Work to be completed>
In the material below, find the line with "this 366×550 image." and the line with "this 500×333 image.". Output exactly those two lines and all lines between them, leaving out pictures.
___ Records for this task ___
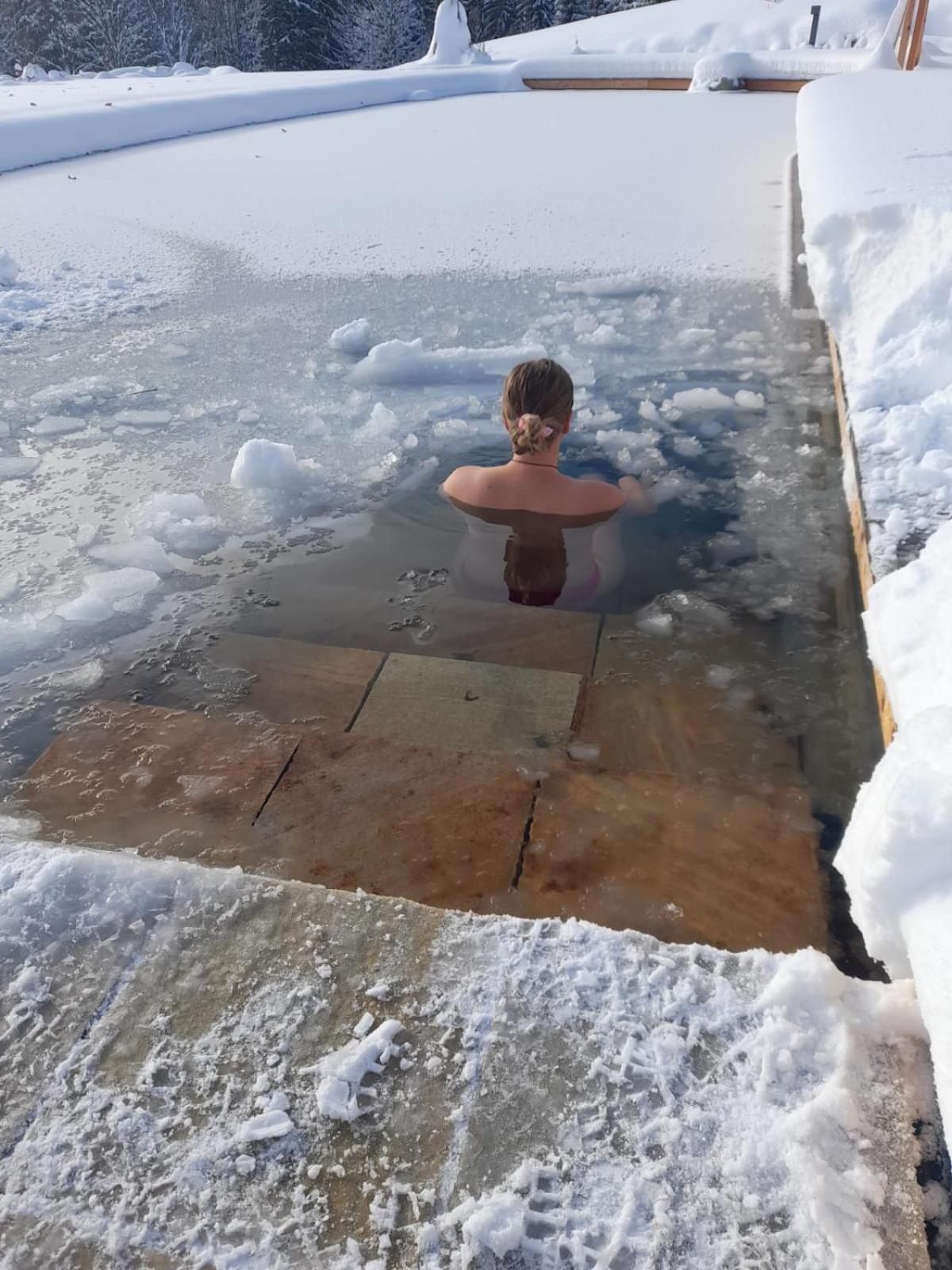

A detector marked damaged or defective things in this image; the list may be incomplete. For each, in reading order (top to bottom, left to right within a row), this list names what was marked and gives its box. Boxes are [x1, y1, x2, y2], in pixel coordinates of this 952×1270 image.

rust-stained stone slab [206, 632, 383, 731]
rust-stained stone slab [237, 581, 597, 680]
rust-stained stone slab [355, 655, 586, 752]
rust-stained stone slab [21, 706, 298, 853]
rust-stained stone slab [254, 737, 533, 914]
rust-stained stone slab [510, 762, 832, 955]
___
___ Records for this task ___
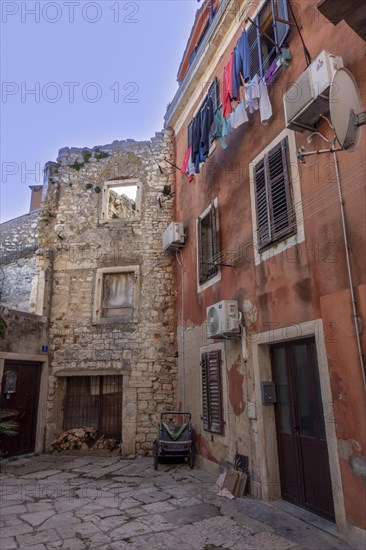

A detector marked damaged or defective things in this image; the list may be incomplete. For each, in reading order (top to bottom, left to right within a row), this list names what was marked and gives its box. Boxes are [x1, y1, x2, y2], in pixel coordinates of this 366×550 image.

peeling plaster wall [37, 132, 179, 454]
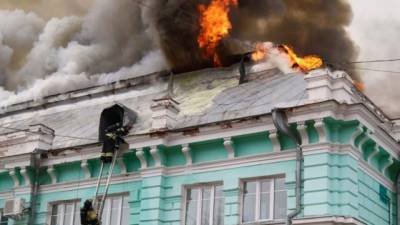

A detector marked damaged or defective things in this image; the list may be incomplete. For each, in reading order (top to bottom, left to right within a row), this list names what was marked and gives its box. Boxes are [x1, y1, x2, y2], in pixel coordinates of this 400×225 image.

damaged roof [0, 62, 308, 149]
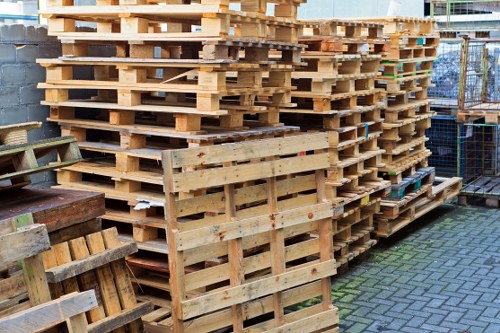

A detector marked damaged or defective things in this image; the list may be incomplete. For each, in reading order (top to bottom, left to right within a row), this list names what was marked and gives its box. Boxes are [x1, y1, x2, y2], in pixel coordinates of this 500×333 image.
___
Result for this task>
A detector marked damaged or defective things in this image; the list may be incomplete. For each, in reading order (top to bottom, left to right within a row), this list names what was marked and gives its box. Boxes are [x1, y1, x2, y2], in pixel coordinates of this 366×550 image.

peeling plaster wall [37, 132, 179, 454]

A detector marked damaged or defective things in this image; the list may be incomplete. For each, in reading order (top to bottom, left to right within a row), this list names what was marked and gives its box. Boxes are [x1, y1, x2, y2], in pixel coordinates of this 400×225 image.

damaged roof [0, 62, 308, 149]

A detector marked damaged or defective things in this image; the list may be incomplete. For each, in reading order (top to bottom, left to right within a row), this list names what was marked and gives its box. Boxes are [x1, y1, x2, y2], in pixel coordinates of this 500×333 image.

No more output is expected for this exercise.